Grzegorz Drozd: Małe motory - wielka pasja
Trener orkiestra
Szkółka posiada kilka kompletnych motocykli oraz rezerwowe silniki. Wszystkie zbudował Cierniak. - Jeden nawet przyszykowałem na zlecenie Rafała Dobruckiego i powędrował do zielonogórskiej szkółki - mówi Mirek. Oprócz motocykli stowarzyszenie posiada busa do transportu, a także polewaczkę o pojemności tysiąca litrów. TOSIR udostępnia wodę i miejsce na przetrzymanie sprzętu. Każda pomoc jest na wagę złota.

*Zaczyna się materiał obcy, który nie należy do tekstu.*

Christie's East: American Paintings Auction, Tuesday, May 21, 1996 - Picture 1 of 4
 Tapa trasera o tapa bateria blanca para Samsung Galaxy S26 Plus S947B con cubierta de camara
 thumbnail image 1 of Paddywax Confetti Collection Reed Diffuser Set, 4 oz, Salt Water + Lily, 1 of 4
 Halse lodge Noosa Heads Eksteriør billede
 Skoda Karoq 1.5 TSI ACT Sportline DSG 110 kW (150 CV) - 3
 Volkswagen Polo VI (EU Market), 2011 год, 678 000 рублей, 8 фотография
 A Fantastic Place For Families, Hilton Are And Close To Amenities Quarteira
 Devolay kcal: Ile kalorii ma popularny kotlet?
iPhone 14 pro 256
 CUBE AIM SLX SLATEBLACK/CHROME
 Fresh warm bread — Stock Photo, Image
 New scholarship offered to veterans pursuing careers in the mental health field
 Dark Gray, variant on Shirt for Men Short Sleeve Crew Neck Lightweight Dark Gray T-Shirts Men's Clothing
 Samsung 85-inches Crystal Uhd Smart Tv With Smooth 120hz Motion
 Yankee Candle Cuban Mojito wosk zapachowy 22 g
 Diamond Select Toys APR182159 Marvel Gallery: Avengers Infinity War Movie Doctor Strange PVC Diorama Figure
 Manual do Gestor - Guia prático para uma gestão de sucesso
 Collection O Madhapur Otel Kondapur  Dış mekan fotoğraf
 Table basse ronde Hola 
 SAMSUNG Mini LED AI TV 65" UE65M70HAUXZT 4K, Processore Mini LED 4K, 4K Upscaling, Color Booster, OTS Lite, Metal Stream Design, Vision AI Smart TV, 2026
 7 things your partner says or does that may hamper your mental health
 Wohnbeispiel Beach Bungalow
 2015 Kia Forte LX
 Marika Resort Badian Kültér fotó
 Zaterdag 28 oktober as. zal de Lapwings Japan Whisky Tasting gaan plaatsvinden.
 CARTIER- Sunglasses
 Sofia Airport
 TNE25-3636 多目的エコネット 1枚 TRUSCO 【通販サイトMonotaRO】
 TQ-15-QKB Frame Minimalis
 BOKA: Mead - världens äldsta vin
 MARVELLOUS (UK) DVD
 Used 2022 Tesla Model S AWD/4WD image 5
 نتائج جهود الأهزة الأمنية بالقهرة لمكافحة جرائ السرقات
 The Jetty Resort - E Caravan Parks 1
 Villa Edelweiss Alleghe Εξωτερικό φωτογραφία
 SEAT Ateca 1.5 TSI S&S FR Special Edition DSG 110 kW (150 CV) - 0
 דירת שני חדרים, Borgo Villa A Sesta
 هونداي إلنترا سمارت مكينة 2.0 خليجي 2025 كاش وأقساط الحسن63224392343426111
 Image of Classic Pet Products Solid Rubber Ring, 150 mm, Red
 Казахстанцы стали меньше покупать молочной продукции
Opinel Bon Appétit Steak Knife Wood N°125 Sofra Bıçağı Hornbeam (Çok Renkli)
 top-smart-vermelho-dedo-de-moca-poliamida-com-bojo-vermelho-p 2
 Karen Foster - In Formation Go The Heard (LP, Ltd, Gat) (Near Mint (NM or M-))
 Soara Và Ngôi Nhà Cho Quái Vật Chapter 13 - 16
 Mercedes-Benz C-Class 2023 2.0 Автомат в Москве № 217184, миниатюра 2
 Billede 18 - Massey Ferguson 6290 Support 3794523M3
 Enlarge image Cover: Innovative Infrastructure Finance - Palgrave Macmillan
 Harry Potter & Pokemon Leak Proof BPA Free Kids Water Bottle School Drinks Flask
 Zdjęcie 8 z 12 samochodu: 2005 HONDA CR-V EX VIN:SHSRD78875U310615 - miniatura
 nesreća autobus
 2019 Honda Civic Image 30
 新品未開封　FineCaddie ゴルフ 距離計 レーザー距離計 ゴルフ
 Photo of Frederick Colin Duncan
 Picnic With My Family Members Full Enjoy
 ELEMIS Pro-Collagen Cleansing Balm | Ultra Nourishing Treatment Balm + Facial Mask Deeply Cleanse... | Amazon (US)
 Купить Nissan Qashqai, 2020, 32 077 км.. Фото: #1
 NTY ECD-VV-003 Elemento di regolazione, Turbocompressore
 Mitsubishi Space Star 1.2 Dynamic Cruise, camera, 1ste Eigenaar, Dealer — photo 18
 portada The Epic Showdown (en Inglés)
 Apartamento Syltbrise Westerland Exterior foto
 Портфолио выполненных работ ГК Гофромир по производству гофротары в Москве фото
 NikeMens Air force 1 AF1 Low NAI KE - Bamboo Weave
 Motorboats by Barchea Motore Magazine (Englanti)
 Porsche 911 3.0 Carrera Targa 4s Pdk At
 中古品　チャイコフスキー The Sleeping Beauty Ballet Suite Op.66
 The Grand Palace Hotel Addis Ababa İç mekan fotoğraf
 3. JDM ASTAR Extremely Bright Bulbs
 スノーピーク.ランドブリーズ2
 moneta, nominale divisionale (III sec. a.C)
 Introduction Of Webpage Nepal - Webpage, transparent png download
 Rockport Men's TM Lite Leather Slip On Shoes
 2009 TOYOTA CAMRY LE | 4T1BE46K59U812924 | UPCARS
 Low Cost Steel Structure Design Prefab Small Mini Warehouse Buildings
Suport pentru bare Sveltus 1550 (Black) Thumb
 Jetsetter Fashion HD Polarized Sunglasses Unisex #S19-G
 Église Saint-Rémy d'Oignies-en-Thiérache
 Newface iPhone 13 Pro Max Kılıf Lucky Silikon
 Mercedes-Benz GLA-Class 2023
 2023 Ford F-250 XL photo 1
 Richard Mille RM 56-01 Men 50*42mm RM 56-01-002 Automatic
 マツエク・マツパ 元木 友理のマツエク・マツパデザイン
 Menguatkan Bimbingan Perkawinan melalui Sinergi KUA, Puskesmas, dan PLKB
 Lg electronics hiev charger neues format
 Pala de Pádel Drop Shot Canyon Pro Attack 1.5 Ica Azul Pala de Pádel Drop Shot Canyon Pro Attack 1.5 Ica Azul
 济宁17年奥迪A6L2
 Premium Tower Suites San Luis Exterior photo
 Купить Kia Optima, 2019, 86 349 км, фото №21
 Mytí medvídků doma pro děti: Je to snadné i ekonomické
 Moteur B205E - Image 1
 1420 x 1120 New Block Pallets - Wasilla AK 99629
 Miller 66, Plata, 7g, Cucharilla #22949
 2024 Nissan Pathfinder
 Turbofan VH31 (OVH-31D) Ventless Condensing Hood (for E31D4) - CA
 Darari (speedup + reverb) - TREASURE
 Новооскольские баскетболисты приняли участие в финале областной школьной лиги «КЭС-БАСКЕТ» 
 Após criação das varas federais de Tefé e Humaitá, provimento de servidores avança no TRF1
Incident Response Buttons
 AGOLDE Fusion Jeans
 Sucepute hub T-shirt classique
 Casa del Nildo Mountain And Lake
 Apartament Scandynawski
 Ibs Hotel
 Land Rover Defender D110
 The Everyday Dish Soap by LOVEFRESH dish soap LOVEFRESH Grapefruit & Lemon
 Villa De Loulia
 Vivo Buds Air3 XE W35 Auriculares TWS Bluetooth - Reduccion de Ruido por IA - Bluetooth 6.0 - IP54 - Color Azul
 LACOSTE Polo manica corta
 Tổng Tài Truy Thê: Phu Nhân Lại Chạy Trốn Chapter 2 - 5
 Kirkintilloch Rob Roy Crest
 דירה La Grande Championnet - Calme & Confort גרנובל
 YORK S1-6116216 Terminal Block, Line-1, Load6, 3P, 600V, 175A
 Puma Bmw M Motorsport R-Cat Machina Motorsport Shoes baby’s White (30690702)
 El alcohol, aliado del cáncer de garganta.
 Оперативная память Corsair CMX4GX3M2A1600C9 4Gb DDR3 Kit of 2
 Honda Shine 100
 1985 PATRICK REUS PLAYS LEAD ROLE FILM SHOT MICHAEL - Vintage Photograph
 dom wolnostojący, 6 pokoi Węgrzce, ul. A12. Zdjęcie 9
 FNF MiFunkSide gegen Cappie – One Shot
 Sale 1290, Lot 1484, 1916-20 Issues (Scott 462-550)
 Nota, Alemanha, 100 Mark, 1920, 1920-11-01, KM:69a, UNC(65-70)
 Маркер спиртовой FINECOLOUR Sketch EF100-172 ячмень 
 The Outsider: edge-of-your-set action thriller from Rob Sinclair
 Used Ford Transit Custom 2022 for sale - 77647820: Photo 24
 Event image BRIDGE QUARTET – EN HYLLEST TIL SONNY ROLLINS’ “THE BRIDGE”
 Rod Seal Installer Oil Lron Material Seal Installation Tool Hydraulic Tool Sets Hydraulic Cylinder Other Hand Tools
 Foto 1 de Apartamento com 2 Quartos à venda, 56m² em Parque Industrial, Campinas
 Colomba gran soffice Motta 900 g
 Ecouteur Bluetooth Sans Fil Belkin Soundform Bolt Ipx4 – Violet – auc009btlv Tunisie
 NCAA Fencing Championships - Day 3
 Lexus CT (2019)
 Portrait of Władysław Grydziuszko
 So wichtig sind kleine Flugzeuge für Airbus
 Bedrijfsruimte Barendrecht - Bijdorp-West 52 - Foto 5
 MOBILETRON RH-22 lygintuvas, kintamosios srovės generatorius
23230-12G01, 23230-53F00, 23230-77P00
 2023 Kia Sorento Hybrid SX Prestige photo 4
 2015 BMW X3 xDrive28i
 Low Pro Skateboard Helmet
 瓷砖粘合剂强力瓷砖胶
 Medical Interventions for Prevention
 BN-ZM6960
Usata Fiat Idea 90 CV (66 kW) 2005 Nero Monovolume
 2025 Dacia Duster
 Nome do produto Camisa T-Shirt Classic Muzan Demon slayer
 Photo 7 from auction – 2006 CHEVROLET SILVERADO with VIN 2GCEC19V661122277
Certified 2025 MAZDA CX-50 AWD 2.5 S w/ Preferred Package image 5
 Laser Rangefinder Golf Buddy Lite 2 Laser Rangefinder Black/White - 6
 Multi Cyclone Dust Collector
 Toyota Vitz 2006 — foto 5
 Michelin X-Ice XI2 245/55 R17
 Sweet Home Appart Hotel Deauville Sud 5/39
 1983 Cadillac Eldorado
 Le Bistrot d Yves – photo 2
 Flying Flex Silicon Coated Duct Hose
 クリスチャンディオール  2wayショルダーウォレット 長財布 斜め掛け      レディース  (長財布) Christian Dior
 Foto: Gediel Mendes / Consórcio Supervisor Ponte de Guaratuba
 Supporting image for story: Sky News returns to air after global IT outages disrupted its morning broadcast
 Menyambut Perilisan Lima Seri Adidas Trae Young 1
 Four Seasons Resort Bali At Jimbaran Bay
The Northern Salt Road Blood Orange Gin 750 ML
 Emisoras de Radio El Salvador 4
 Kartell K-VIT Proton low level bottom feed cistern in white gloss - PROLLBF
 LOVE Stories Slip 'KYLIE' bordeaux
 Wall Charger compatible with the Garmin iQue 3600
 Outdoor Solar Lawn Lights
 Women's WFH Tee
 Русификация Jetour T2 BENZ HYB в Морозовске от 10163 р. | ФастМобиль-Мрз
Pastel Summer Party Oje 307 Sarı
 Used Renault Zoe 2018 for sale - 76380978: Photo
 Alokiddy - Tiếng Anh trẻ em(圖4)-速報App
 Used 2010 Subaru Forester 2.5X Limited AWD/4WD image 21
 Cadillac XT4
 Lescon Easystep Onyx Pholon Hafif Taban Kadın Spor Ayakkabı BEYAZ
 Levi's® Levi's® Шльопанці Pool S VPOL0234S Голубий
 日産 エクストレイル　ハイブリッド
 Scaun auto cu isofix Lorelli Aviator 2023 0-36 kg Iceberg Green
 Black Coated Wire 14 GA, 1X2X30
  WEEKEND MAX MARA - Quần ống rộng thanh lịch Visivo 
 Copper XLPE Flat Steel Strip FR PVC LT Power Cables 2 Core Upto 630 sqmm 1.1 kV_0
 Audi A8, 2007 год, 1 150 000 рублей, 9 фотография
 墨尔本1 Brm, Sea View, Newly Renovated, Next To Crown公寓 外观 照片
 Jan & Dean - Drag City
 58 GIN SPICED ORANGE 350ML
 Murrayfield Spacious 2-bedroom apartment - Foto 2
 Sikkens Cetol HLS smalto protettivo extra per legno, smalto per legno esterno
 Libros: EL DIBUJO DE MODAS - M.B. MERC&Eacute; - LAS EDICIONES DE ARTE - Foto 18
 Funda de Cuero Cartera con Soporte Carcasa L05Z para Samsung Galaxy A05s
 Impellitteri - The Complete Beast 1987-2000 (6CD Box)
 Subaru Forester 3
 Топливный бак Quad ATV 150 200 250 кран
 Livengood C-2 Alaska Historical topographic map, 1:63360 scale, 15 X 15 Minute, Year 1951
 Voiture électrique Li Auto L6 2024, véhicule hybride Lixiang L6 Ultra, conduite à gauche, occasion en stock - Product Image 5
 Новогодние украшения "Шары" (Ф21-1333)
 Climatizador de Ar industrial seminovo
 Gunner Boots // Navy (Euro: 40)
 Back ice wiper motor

Obecnie Mirka i jego następców wspomaga wiele firm i indywidualnych darczyńców. Układa się współpraca z klubem Unii. Punktem zwrotnym okazała się pomoc Urzędu Miasta Tarnowa. Od 2013 roku "Jaskółki" otrzymują dotację jako Uczniowski Klub Sportowy w postaci Stowarzyszenia. Cierniak ukończył kurs instruktora sportu (AWF w Rzeszowie) i jest na etacie (najniższa krajowa) Wydziału Sportu Urzędu Miasta Tarnowa. Stanowisko Mirka - alfa i omega: trener, wychowawca, mechanik, konserwator toru, specjalista od marketingu, kierowca, trener na sali, a czasem psycholog. Najważniejsza rola: opiekun-przyjaciel, a czasem... rolnik.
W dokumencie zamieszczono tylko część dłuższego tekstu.